2. Mistaking “yes” for a commitment
“Hai” in Japanese is not agreement; it is “I am hearing you, please continue.” A manager who says “hai, hai, hai” three times mid-sentence is telling you they are following along, not that they agree.
The practical check is to build verification questions into the conversation: “sumimasen ga, konkai no kakaku ni go-doui itadaita to rikai shite yoroshii deshou ka?” (forgive me, can I take it that you have accepted this price?). If the reply is “hai, sou desu ne,” it is a yes. If it starts with “mada chotto…”, it is not.
3. Putting the owner centre-stage and everyone else on the wings
Foreign delegations often seat the owner at the centre of the table and tuck the interpreter and sales manager off to one side. The Japanese side reads that as “the owner is the only decision-maker; nobody else has authority.”

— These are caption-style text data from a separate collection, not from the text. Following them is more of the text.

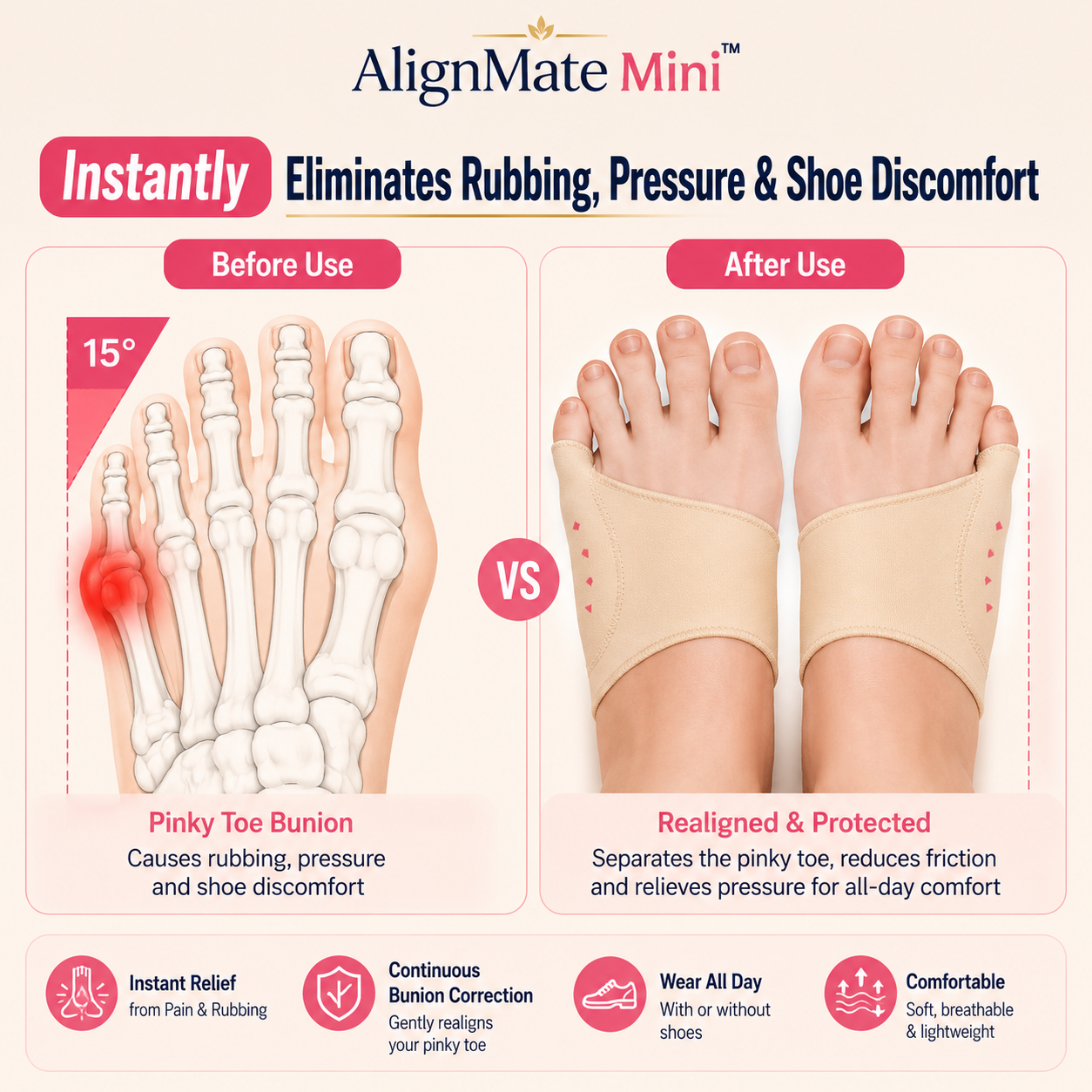 AlignMate Mini™ — First-Ever Pinky Toe Bunion Corrector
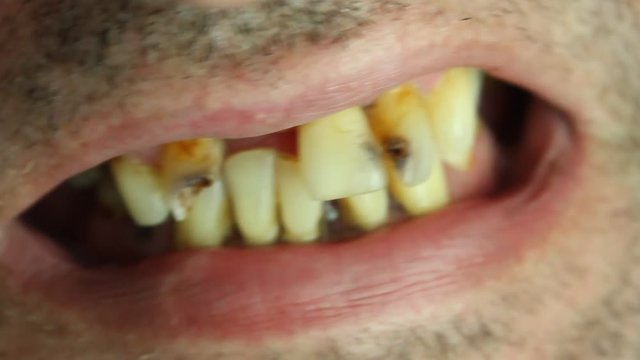 Bad teeth. Unhealthy teeth, caries and inflammation in mouth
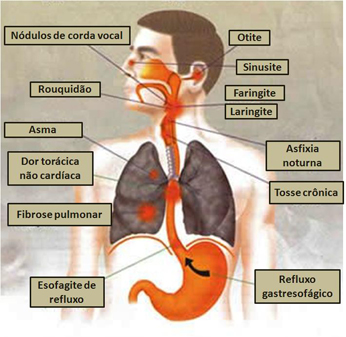 10 Alimentos que Pioram o Refluxo Biliar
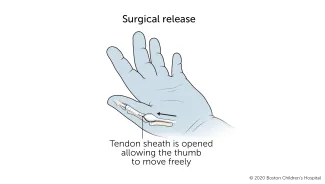 Trigger thumb: During surgery, the sheath around the tendon is opened to allow the thumb to move freely.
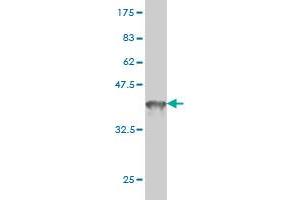 Western Blotting (WB) image for anti-DEAD (Asp-Glu-Ala-Asp) Box Polypeptide 41 (DDX41) (AA 523-622) antibody (ABIN565608)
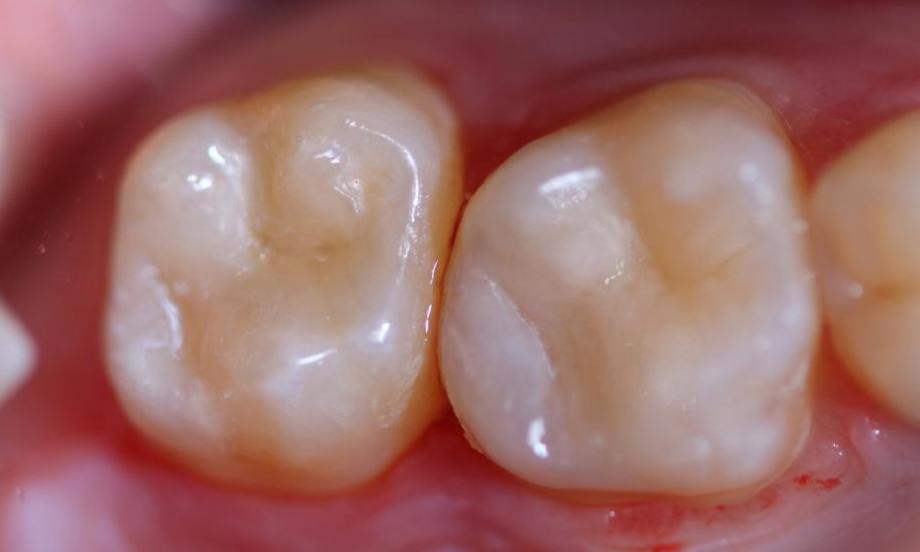 Лечение глубокого кариеса жевательных зубов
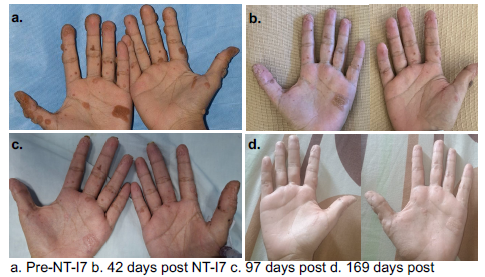 NT-I7 투여로 인한 피부 병변 개선 결과(사진=네오이뮨텍)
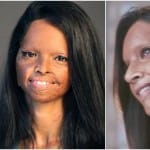 chhapaak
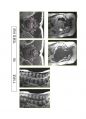 방사선사 MRI 국가고시 2차 정리집 두번째 입니다. - MRI 11페이지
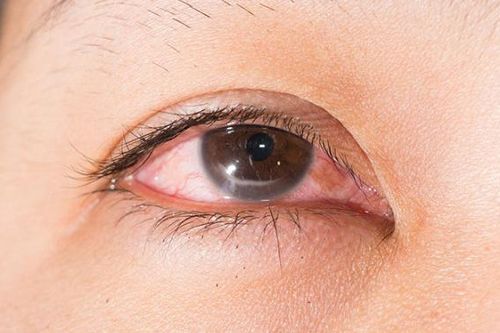 Những điều cần biết về bệnh viêm giác mạc chấm nông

The Japanese counterparty usually arrives with three or four people, each with a clear role. Your side benefits from doing the same. When the Japanese team asks “who is following up on this point?” at the end, you should have an instant answer.
4. No business card, or an English-only card
It is 2026 and this still has to be written. When you hand a Japanese counterpart an English-only card, they lay it on the table and consult it through the meeting. That is not rudeness; they are using it as a reference for who you are and what to call you.
If the Japanese side of the card matches your title precisely (whether “General Manager” translates as 営業部 部長 or as 代表取締役 actually matters), the way they address you in follow-up emails becomes clean. That small detail carries more weight in Japanese business than most foreign visitors expect.
5. Sending a follow-up email that starts with “Hi, great meeting today!”
The post-meeting follow-up from a foreign team tends to be warm, sometimes with emoji, in a “great meeting today, looking forward!” tone. To a Japanese reader, that lowers your perceived seriousness.
Standard Japanese business email opens with a formal phrase, “Heiso wa taihen osewa ni natte orimasu,” roughly “thank you for your continued partnership.” You do not need to copy that exactly in English. Something like “Thank you for the meeting today. To keep a clear record, we wanted to note the following points:” gives you a structured, professional opener and signals that you understand the rhythm.
A short close
None of these five mistakes are about product quality or price. They are all about tone and pacing. But a company that cannot find the rhythm in this market often never gets to talk about quality at all. A good interpreter and a properly prepared meeting brief takes care of four of the five almost on its own.